[Date Prev][Date Next][Thread Prev][Thread Next][Date Index][Thread Index]

20040708: LDM - Linux Red Hat 9 - LDM death caused by upstream LDM?



Tom,

> To: address@hidden
> From: "Tom Baltzer" <address@hidden>
> Subject: LDM - Linux Red Hat 9 - LDM death caused by upstream LDM?
> Organization: UCAR/Unidata
> Keywords: 200407081333.i68DXxBv002726 LDM

The above message contained the following:

> Institution: Unidata
> Package Version: 6.0.14
> Operating System: Linux Red Hat 9
> Hardware Information: Dual AMD 2 Ghz  w/2GB main memory
> Inquiry: Hey Steve,
> 
> While we were away, the LDM on lead1 up and died seemingly triggered
> by the upstream system (emo) - here is the log info:
> 
> Jul 02 07:09:29 lead1 pqact[4124]: pbuf_flush 10: time elapsed   3.183142 
> Jul 02 08:00:34 lead1 pqact[4124]: pbuf_flush 10: time elapsed   2.211820 
> Jul 02 09:57:07 lead1 pqact[4124]: pbuf_flush 8: time elapsed   4.056640 
> Jul 02 11:00:49 lead1 pqact[4124]: pbuf_flush 8: time elapsed   4.893119 
> Jul 02 13:28:00 lead1 emo[4130]: assertion "rlix != RL_NONE" failed: file 
> "pq.c", line 4092 
> Jul 02 13:28:05 lead1 emo[4129]: assertion "rlix != RL_NONE" failed: file 
> "pq.c", line 4092 
> Jul 02 13:28:12 lead1 rpc.ldmd[4121]: child 4129 terminated by signal 6 
> Jul 02 13:28:12 lead1 rpc.ldmd[4121]: Killing (SIGINT) process group 
> Jul 02 13:28:12 lead1 rpc.ldmd[4121]: SIGINT 
> Jul 02 13:28:12 lead1 pqact[4124]: Interrupt 
> Jul 02 13:28:12 lead1 pqact[4123]: Interrupt 
> Jul 02 13:28:12 lead1 pqact[4125]: Interrupt 
> Jul 02 13:28:12 lead1 pqact[4127]: Interrupt 
> Jul 02 13:28:12 lead1 pqact[4126]: Interrupt 
> Jul 02 13:28:12 lead1 pqact[4127]: Exiting 
> Jul 02 13:28:12 lead1 rtstats[4128]: Interrupt 
> Jul 02 13:28:12 lead1 eldm4[4131]: SIGINT 
> Jul 02 13:28:12 lead1 rtstats[4128]: Exiting 
> Jul 02 13:28:12 lead1 pqact[4124]: Exiting 
> Jul 02 13:28:12 lead1 pqact[4125]: Exiting 
> Jul 02 13:28:12 lead1 pqact[4126]: Exiting 
> Jul 02 13:28:12 lead1 pqact[4123]: Exiting 
> Jul 02 13:28:14 lead1 rpc.ldmd[4121]: Terminating process group 
> Jul 02 13:28:14 lead1 rpc.ldmd[4121]: child 4130 terminated by signal 6 
> Jul 02 13:28:14 lead1 rpc.ldmd[4121]: Killing (SIGINT) process group 

Interesting.  I don't recall seeing this before.
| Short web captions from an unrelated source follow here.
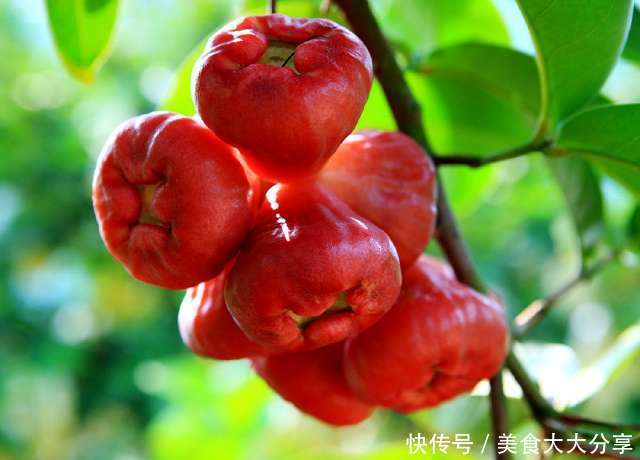 国外超便宜的5大水果,在中国却特别贵!第二个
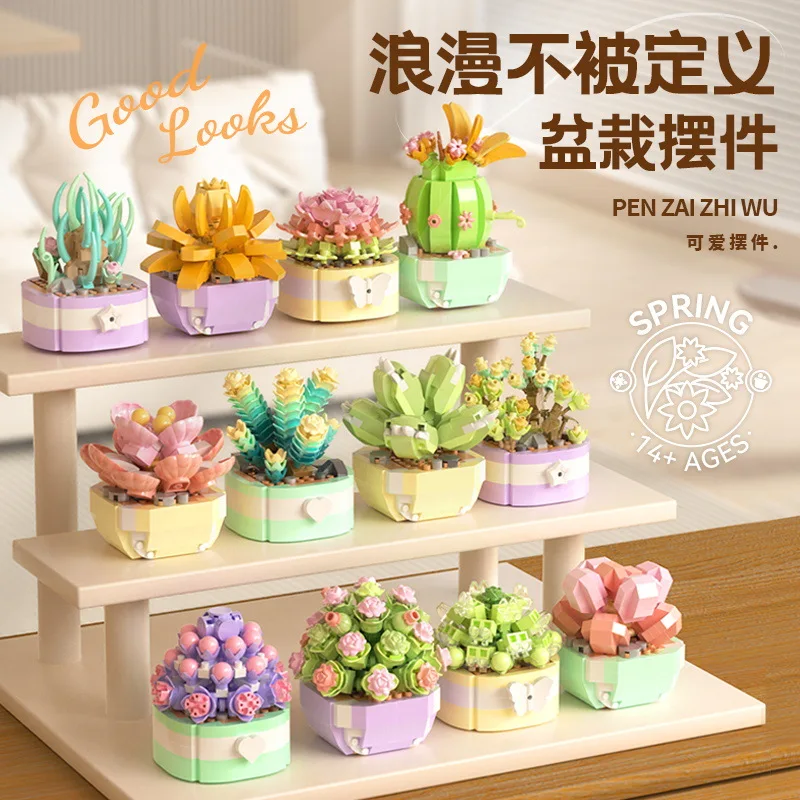 Flower Succulents Building Blo - Bonsai Garden Kit avis et prix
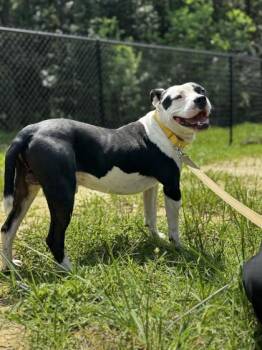 07385B Joe -  American Staffordshire Terrier and Mixed Breed Dog for Adoption in North Charleston, South Carolina - 07385B Joe | PetCurious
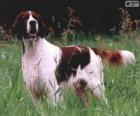 Setter irlandais rouge et blanc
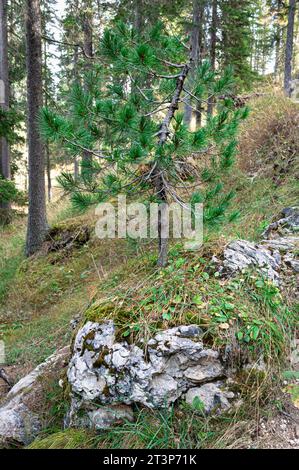 Small pine (Pinus) is growing on a rock in a forest in the Dolomite mountains, Italy. Stock Photo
> I did a queuecheck and it indicated that the queue was corrupt, so I
> saved it in case that might be useful.

Good.

> What do you think?

I don't know yet.

Would you please send me the output of the command "ldmadmin config".

> Thanks,
> Tom.

Regards,
Steve Emmerson
> NOTE: All email exchanges with Unidata User Support are recorded in the
> Unidata inquiry tracking system and then made publically available
> through the web.  If you do not want to have your interactions made
> available in this way, you must let us know in each email you send to us.